Football flirted with the courts, too – former club doctor Eva Carneiro sued Chelsea for constructive dismissal in October, while Ched Evans’ case was referred to the court of appeal – as did politicians. A saga rumbled on throughout the early months of 2015 concerning Lord Janner’s fitness to face sexual abuse charges. The seat of the last Liberal Democrat MP in Scotland, Alistair Carmichael, was ruled to be safe despite his dishonesty during the election campaign, and Donald Trump’s objections to a wind farm near his golf course were resoundingly rejected by the supreme court.

Human rights and the rule of law

As disputes over the continued existence of the Human Rights Act 1998 persisted throughout the year, justice was still upheld and preserved by the courts and the executive in many respects.

The controversial Tory benefits cap was held to be unlawful and discriminatory, while Michael Gove decided to scrap the criminal courts charge. Employees were given new rights in March by the Modern Slavery Act 2015, and a precedent set down in September will help to tackle caste discrimination in the workplace.

In family law, ex-wives are now allowed to claim more from their ex-husbands following dishonesty or fraud concerning financial assets, while in February, an ex-EDL-supporting father had his child returned on the grounds that his political beliefs should not have been taken into account by the council.

October was monumental for justice and liberty, as well as for Shaker Aamer, when the long-term Guantanamo Bay resident finally landed back in the UK after his 14-year incarceration. Meanwhile, the long-term durability of a high court decision on the compatibility of Northern Ireland’s blanket ban on abortion with human rights legislation remains to be seen.

For progressives, however, problems still persist. Proposals for a bill legalising assisted suicide were rejected in the Commons, while the concepts of civil liberty and privacy were undermined by the investigatory powers bill in November, and revelations of GCHQ spying on Amnesty International surfaced in July.

Around the world

Legal stories abroad hit the headlines, too. Gay rights activists celebrated around the world, as the US supreme court extended marriage equality to all 50 states in June, just after it had ensured the survival of Obamacare.

South Africa threatened to withdraw from the international criminal court, while one of its greatest sporting stars Oscar Pistorius was convicted of murder following the prosecution’s appeals. In Italy, Amanda Knox was acquitted of the murder of Meredith Kercher in September.

Bosnian courts issued a landmark ruling in June granting the first ever compensation to a wartime rape victim during the 1990s conflict, while Vladimir Putin signed a law allowing the Russian constitutional court to give the country’s constitution priority over international human rights rulings.

Weird and wonderful

2015 showed that the courts can be called upon to decide anything and everything.
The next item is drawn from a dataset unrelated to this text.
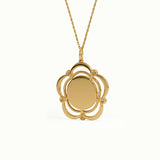 Engravable Flower Pendant Necklace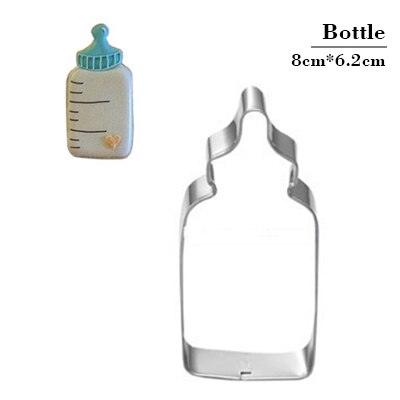 Children's Section Cookie Cutter Stainless Steel Biscuit Cutter Cookie Mold Kitchen Baking Tools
In October, the high court was asked to decide whether bridge should be considered a sport, and in September, the German courts ended a trademark dispute over whether chocolate company Lindt’s foil-wrapped teddy was a copy of Haribo’s sweets.

In March, the Irish court of appeal provoked worldwide amusement by inadvertently legalising drugs such as ecstasy for a day. 2016 has a lot to live up to.